How big? It depends on how scrupulously you narrow your universe of potential investments. Some people limit themselves to the best 2 percent of companies in America. For Domini, SRI implies the best half. "We are not seeking the models of sustainable practices," she says. "We are seeking the companies that do the least harm." The approach, in other words, is more practical than pure.

As of June 30, the average total return for Domini Social Equity Fund was 32.96 percent. The S&P 500 average was 29.53 percent. If you measure from Domini's birth in 1991, the fund comes out only 0.17 beneath the S&P 500.

Skeptics are still reserving judgment. "They'd like to see what happens in a down market," acknowledges Domini. "So would I."

Domini isn't a magical exception, either. In the mid-'90s, John B. Guerard Jr., a Wall Street analyst with a doctorate in finance, associate editor of the Journal of Investing and the International Journal of Forecasting, conducted a coolly quantitative study and reached a shocking conclusion: "Returns in socially-screened and unscreened universes do not differ significantly." Guerard found that if you invested $1 in 1987, unscreened, it would be worth $2.77 by the end of 1994. If you invested your $1 in a screened universe, it would be worth $2.74.

At 3 cents, conscience comes cheap.

Still, if so many analysts dis SRI, it must mean something, right? "Just means they're too lazy to look," quips Brill, the author and investment advisor. "Commission brokers only make money when they make a sale. If they have to take an extra hour to research a portfolio ...

"There are thousands of stocks to choose from," Brill continues. "You'll run out of money long before you run out of socially responsible options."

Myth No. 3: It's impossible to screen for social responsibility

Should a health-care foundation own stock in a tobacco company? Should a church own stock in a defense manufacturer? What if the Sierra Club funded its projects with shares of Exxon? What if they traded for stock in whatever oil company rated best on environmental compliance?

Where do you start?

The Council on Economic Priorities (CEP) is a public-service research organization formed so people can "cast their economic vote as conscientiously as their political vote." One of CEP's old reports on Anheuser-Busch notes that "the company's reported release of toxic chemicals was the worst in the beverage industry in 1989" and tallies five willful violations of occupational safety and health laws. The report also notes, however, that A-B made the most environmentally sound political contributions in their industry; led the nation in using post-consumer waste for packaging; and recycled 600 million pounds of aluminum containers in 1991 -- all while animal-rights groups were boycotting A-B's Sea World for damaging marine life.

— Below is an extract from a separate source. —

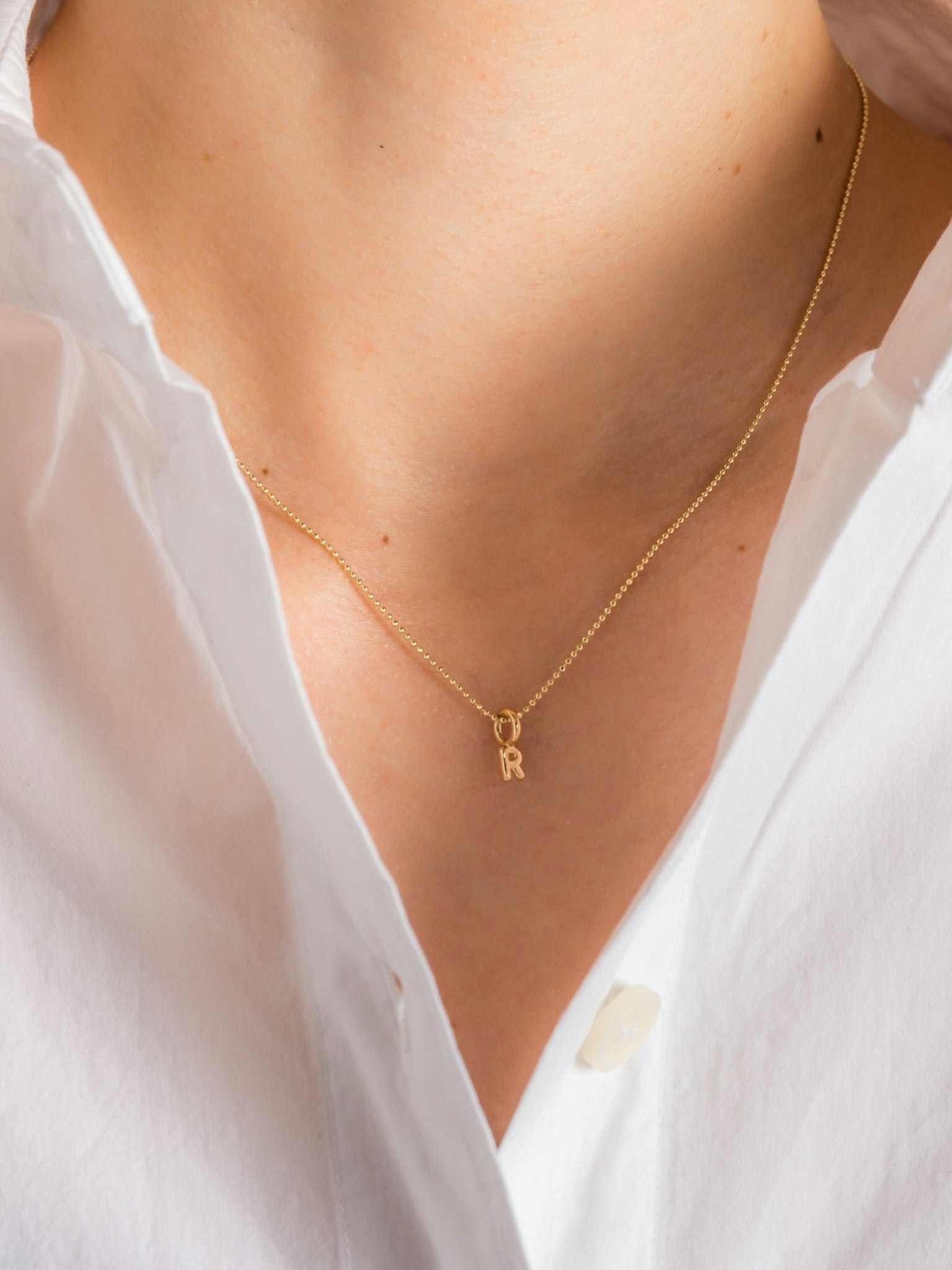 Mini helium initial charm necklace photo 10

How do you even begin to sort such a mixed evaluation? "It's usually an accumulation of things, not one factor," explains CEP researcher Jonathan Hickman. He looks for patterns, compares companies in a given industry, analyzes historical trends. "There are definitely instances where `irresponsibility` is very pronounced," he adds.

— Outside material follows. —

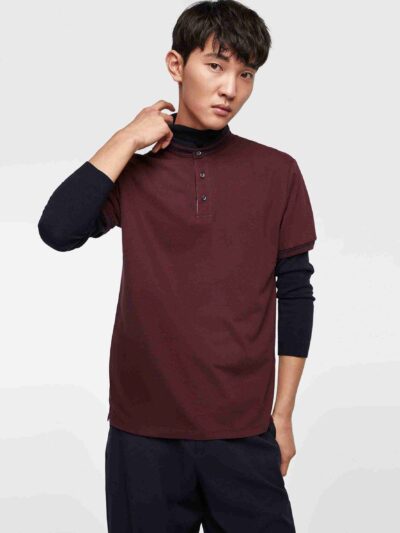 Close-up of a cotton polo shirt, showcasing fine pique knit texture and clean stitching. Casual top with subtle color variati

Niemann sighs over these attempts at discernment; personally, she prefers shareholder activism to SRI and finds some "socially responsible" positions as blurry as a three-martini lunch. "I know organizations who will say you can invest in defensive but not offensive weapons," she says. "We are splitting hairs here. Is nerve gas defensive? You hit the silly season. And it does not make a difference."

Still, as a trustee for the Roman Catholic Archdiocese of St. Louis, she faithfully watchdogs a portfolio that includes nothing connected with abortion and no offensive weapons of war. "The F-15 is defensive," she explains, "so we are comfortable with that; we have no problem with McDonnell Douglas. Something like Agent Orange would be verboten. But Dow doesn't make it anymore, so we're fine. Tobacco companies are verboten, alcohol manufacturers are not, because alcohol in moderation is fine. The theme is detriment to humanity."

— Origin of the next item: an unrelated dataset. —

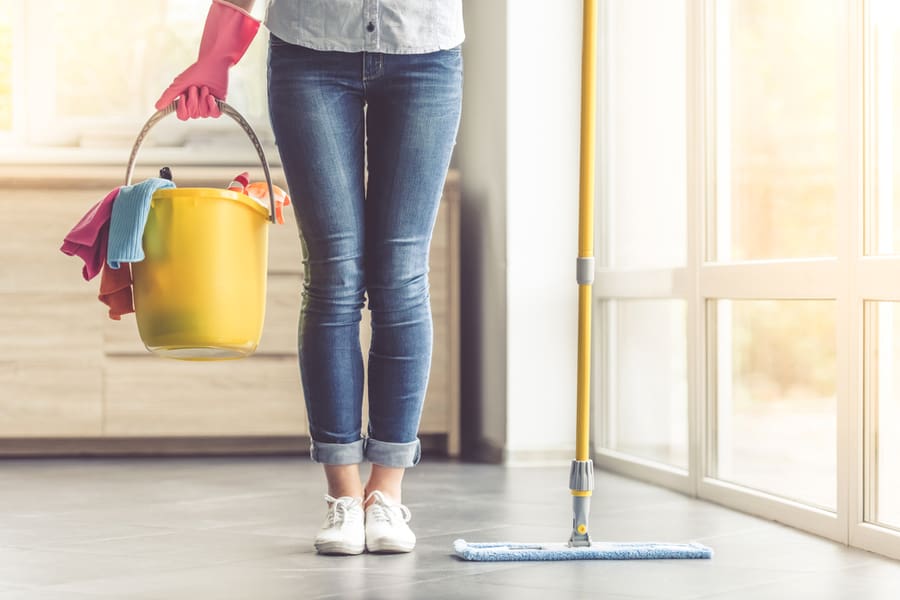 Woman In Protective Gloves Holding A Flat Wet-Mop And Bucket With Detergents And Rags While Cleaning Her House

Myth No. 4: Nice idea, but you're wasting your time

Does SRI prevent detriment to humanity? "I think it's kind of a nice idea, but it doesn't really help," says Dybvig. "If a company's main-line business is something you think should be stopped, then short of buying the company and shutting it down, you are not going to do anything -- except lower the price of the shares so someone else can buy them."

Nonetheless, activists do see value in a clear, happy conscience, in moral consistency, integrity, responsiveness and a willingness to make some basic demands of those in power.

Niemann thinks individuals can make a difference, but by banding together, raising issues and voting proxies. "Bottom line, the company doesn't know that you own the stock, nor do they care. If you decide to avoid purchase of something, it doesn't even measure on the Richter scale. The market is cold."

Domini agrees the market is amoral but stresses that personal consistency is worthwhile. Beyond that, "If your goal is to effect social change, though, the question is, does SRI create social change?" It can, but indirectly and immeasurably. What Domini emphasizes is a more systemic shift. "It's a misconception that SRI is about punishing companies and making their stock price not move," she explains. "What it's about is building a structure of corporate accountability, making socially responsible investors the watchdogs of the corporations."

When the Domini Social Index compiles company profiles, it sends them to the company for a response, creating "a dialogue where they're learning something about how we look at them," she adds. Ten years ago, if Domini called a firm to ask how many women or minorities held executive positions, she would've gotten a call back asking why she wanted to know. Now companies are getting used to the questions -- and sometimes even preparing for them by changing.

Domini doesn't mention the editor's note in the September Dow Jones Investment Advisor, in which editor-in-chief Bob Clark admits his personal unease with their cover story on SRI. "Amy and her folks are mostly harmless," he writes patronizingly, "and, yes, I agree with most of what she stands for. But do we really want people pooling their investing power for the avowed purpose of achieving some specific end, other than making more money?"

His ultimate point? That SRI is undemocratic.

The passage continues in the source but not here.